They come in an intoxicated condition to polling stations

There seems to have been either a flow of liquor despite the security checks or adequate quantities have been stocked by the political parties long ago to satiate the ‘thirst' of voters in the constituency.

This was evident from some voters coming to the booths in an inebriated condition in a few villages on Tuesday.

At Panduru village of Kotauratla mandal, quite a few voters were seen in an intoxicated condition. The police had a tough time asking them not to pick quarrels.

A man, who obviously drowned himself in liquor all through the night on Monday, was allowed into the polling centre by the local police, bypassing the queue, to avoid nuisance.

He seemed to have no control over himself, but managed to walk up to the entrance of the booth. Paramilitary personnel stopped him and sent him back, asking him to come in line. The man walked out saying: “I won't vote, went out, and tore the voter slip.”

A few others, who were drunk, were seen quarrelling among themselves outside the polling station. They were sent away by the police.

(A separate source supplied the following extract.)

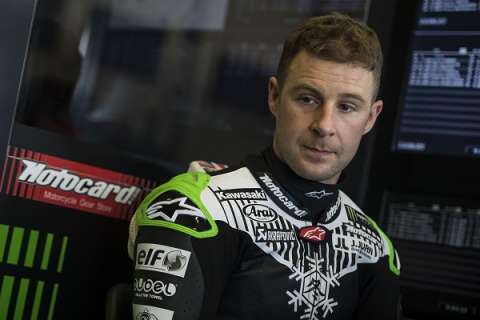 Jonathan Rea: “My femur was sticking out of my leather”
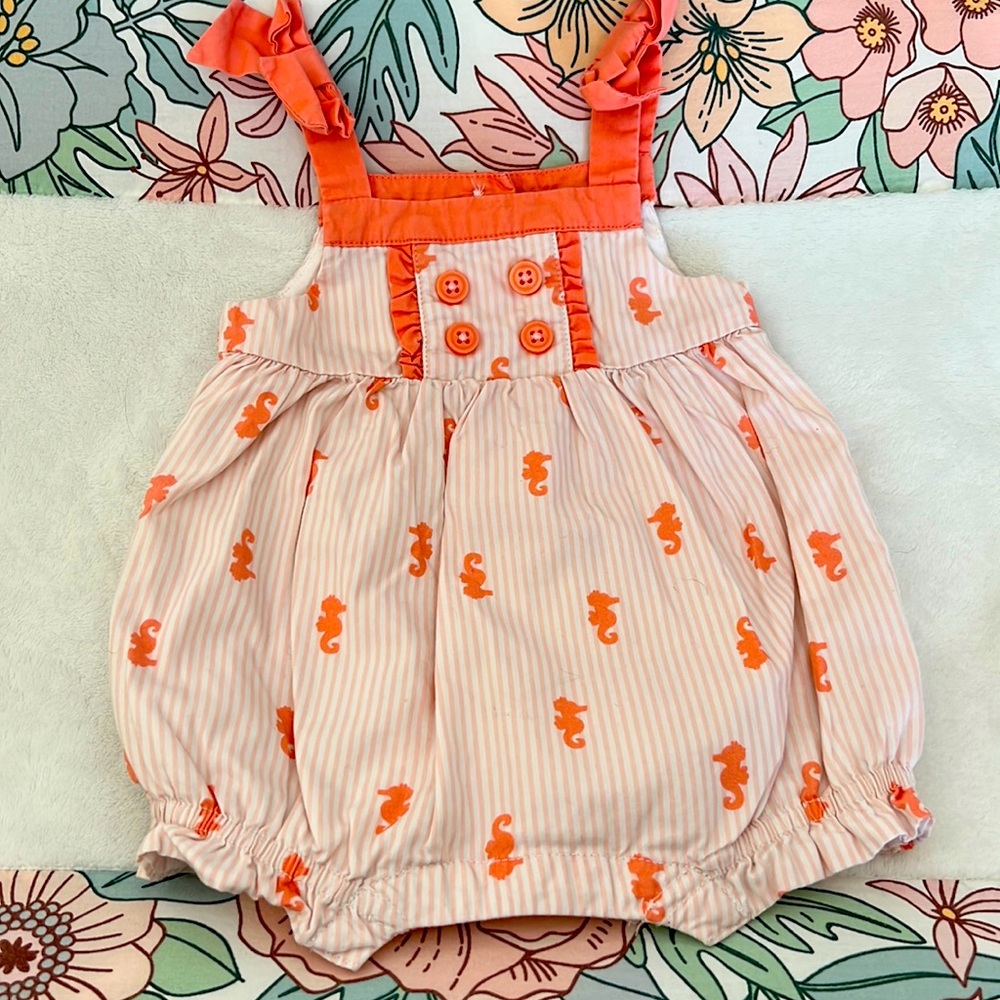 Gymboree bubble romper with seahorses (0-3m)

At Kodavatipudi village, voters were seen waiting outside one of the booths as the polling staff were having lunch. The voters quickly fell in line after resumption of voting at around 1.45 p.m.

Girl's gesture

At Rajaiahpeta village, a girl was seen supplying drinking water to the voters who were in long queues. She was staying near the polling station and brought the water from her house.

The malfunctioning of Electronic Voting Machines resulted in the disruption of polling at a few booths by 10 minutes to 30 minutes. Polling resumed after the EVMs were replaced.

At many places, the statues of former Chief Minister Y.S. Rajasekhara Reddy were partly covered with cloth in view of the election, but at some other places there was no such covering on the face though they were quite close to the polling booths.

Old woman's dilemma

A 92-year-old woman Tangella Chinamma was seen being escorted by her son-in-law after she cast her vote at Nakkapalli. “I can't see properly and no one was allowed to assist me. The agent asked me to press the buttons and I did but I don't know to whom I have voted,” she said. Her son-in-law Banda Ganeswara Rao, a weaver, was not allowed to escort her into the booth.

At many places women had to stand in the hot sun as there were no shamiyanas along the queue lines.